Experts from government, nonprofits, and industry discussed the benefits of alternative data at a recent Urban Institute virtual event moderated by Laurie Goodman, vice president for housing finance policy at Urban. These data could enable credit scoring for more than 50 million currently unscoreable consumers and raise credit scores for those with thin files.

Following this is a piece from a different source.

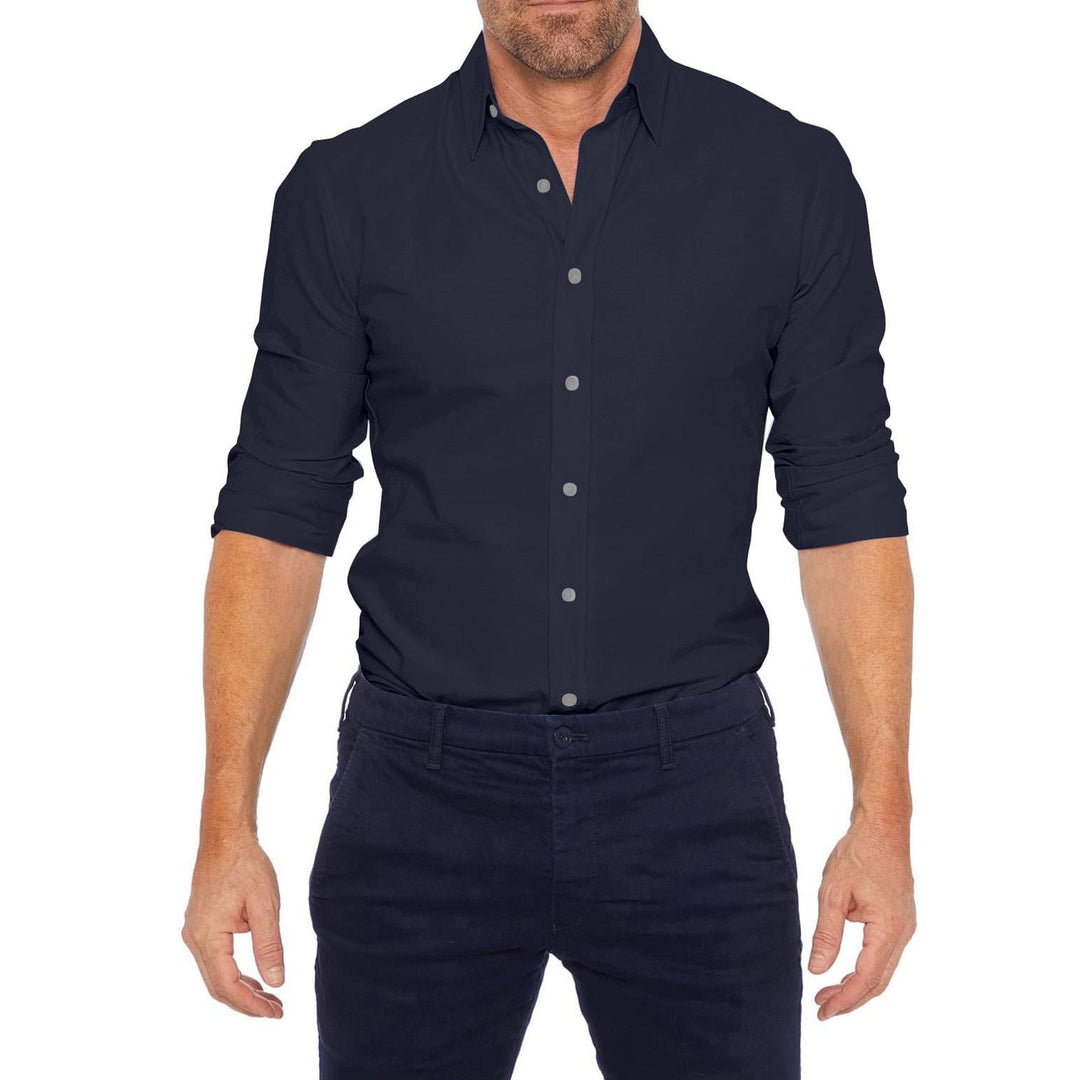 CULLEN™ - MENS' CASUAL SHIRT WITH ZIPPER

Alternative data could improve the accuracy and fairness of credit scoring
During the event, speakers unanimously stressed the need for greater use of alternative data, particularly data that consumers have specifically granted potential lenders access, or “consumer-permissioned data.” Keynote speaker Grovetta Gardineer, senior deputy comptroller for bank supervision policy at the Office of the Comptroller of the Currency (OCC), emphasized that millions of consumers without traditional credit scores “may be hard-working, responsible people who regularly pay their bills on time” and could be deemed creditworthy if scored using “their full financial record.” These records could include history of paying monthly rent, utilities, and cell phone bills, as well as consumers’ general management of deposit account cash balances.